Broken link points here and shows no commits: https://github.com/torvalds/linux/commits?author=vkoskiv&sin...

If I correct the date range to include the maintainer commit date (May 15th), the commit shows up: https://github.com/torvalds/linux/commits?author=vkoskiv&sin...

Also strange that if I only filter on author[1], nothing shows up. Though I suspect that dataset might only be updated periodically.

[0]: https://docs.github.com/en/account-and-profile/reference/pro...

[1]: https://github.com/torvalds/linux/commits?author=vkoskiv

abrookewood•3mo ago
That's really awesome - well done. Here's hoping you add a bunch more patches :)
VALTIELENTINE•3mo ago
Fantastic read! I've alas been frightened of contributing to the Linux kernel in spite of my interests, this instills both confidence and inspiration while serving as a simple "guide" on how to even approach debugging a hardware issue. I particularly like how the author expresses his nervousness in submitting the patch as he recognizes the importance of the work of the maintainers
glaze•3mo ago
Nice, torille!

I also got my first and so far only kernel patch submitted years ago:

On my MacBook Pro 2010 with GeForce 320M running any OpenGL application, even glxgears, would crash because it ran out of memory.
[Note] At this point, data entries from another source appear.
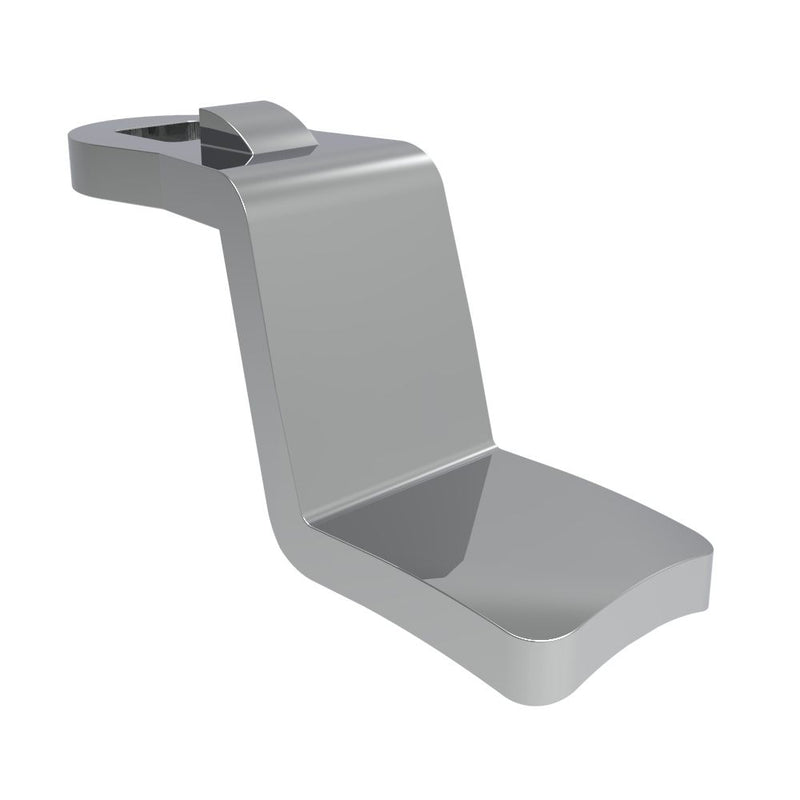 SOUTHCO Quarter-Turn Cam Latch Cam, Steel, Zinc Plate, Bright chromate [E5-6021]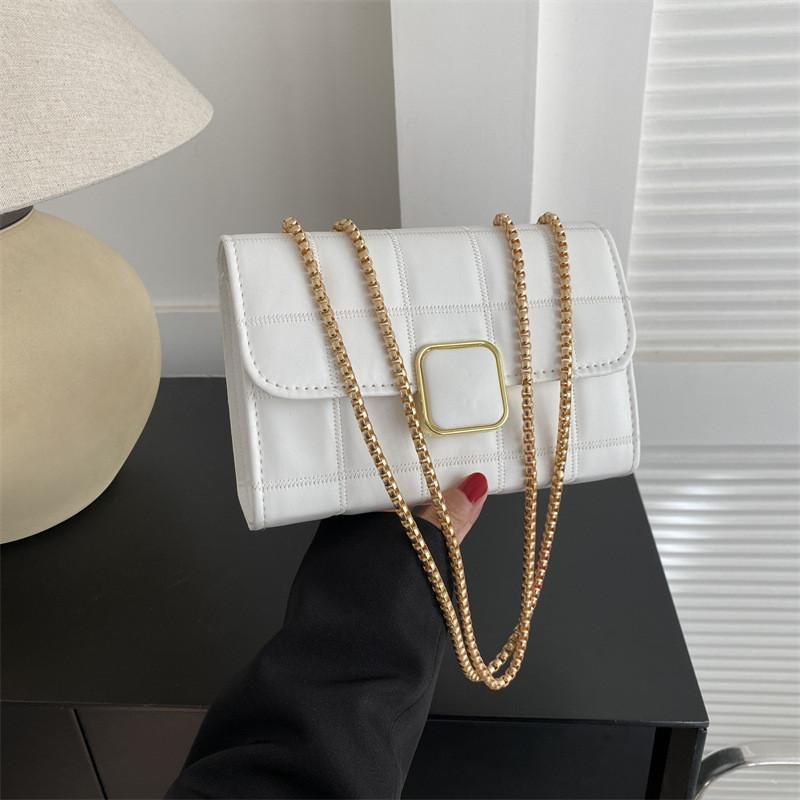 Fashionable Versatile Small Square Pu Handbag For Women Ideal For Daily Use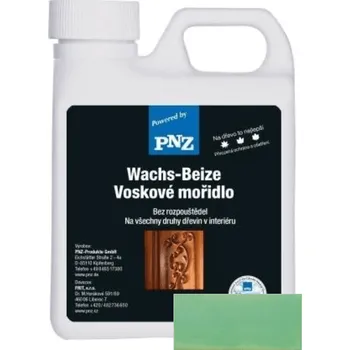 Mořidlo PNZ Voskové mořidlo patinagrün / patina zelená 5 l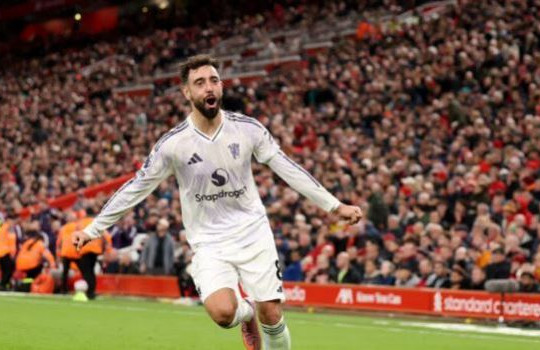3 phẩm chất giúp Bruno Fernandes thăng hoa và áp sát kỷ lục kiến tạo tại Ngoại hạng Anh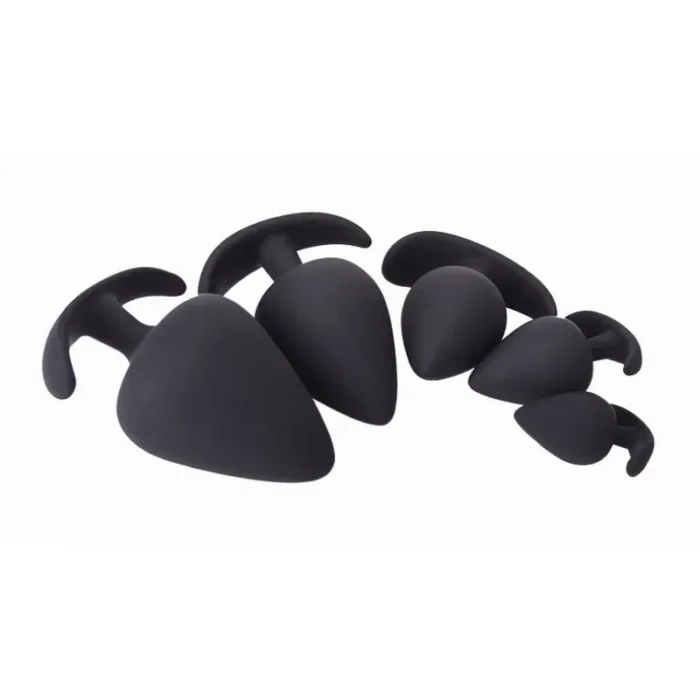 Anal Plug Hard Silicone Butt Plug Fisting Men Prostate Massager Anal Beads Adult Sex Toys for Women Men Anal Dilator - Image 5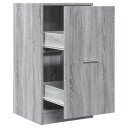  Apotekskap grå sonoma 40x41x77,5 cm konstruert tre 8721158399908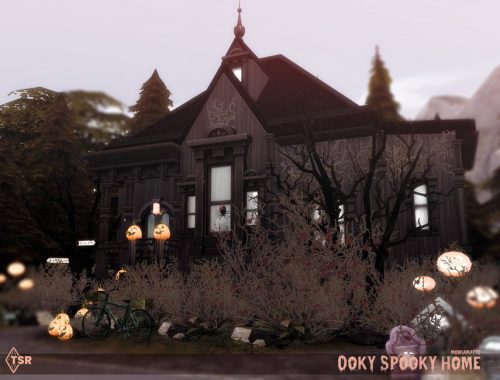 Ooky Spooky Home No CC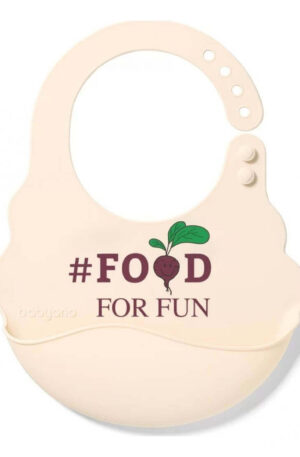 BabyOno szilikon előke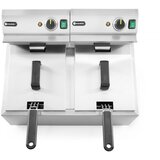 Hendi friteza profi line - 2 x 8 l, profi line, 16L, 230V/7000W, 605x460x(H)369mm | Eponuda.com
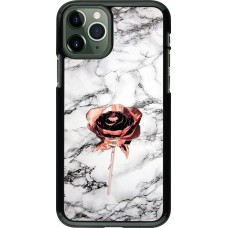 Coque iPhone 11 Pro - Marble Rose Gold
So I dug into nouveau drm code and found out that some memory related function was using wrong code path for that GPU.

It took some time to figure out how to submit a patch but it felt nice after I got it accepted.

I didn't even know about those patch sanity-checking scripts back then, they look useful for potential future patches!

sim7c00•3mo ago
cool stuff and congrats. nice reading about the whole journey to it :) always humbled by people digging so deeply into things. thanks for the writeup!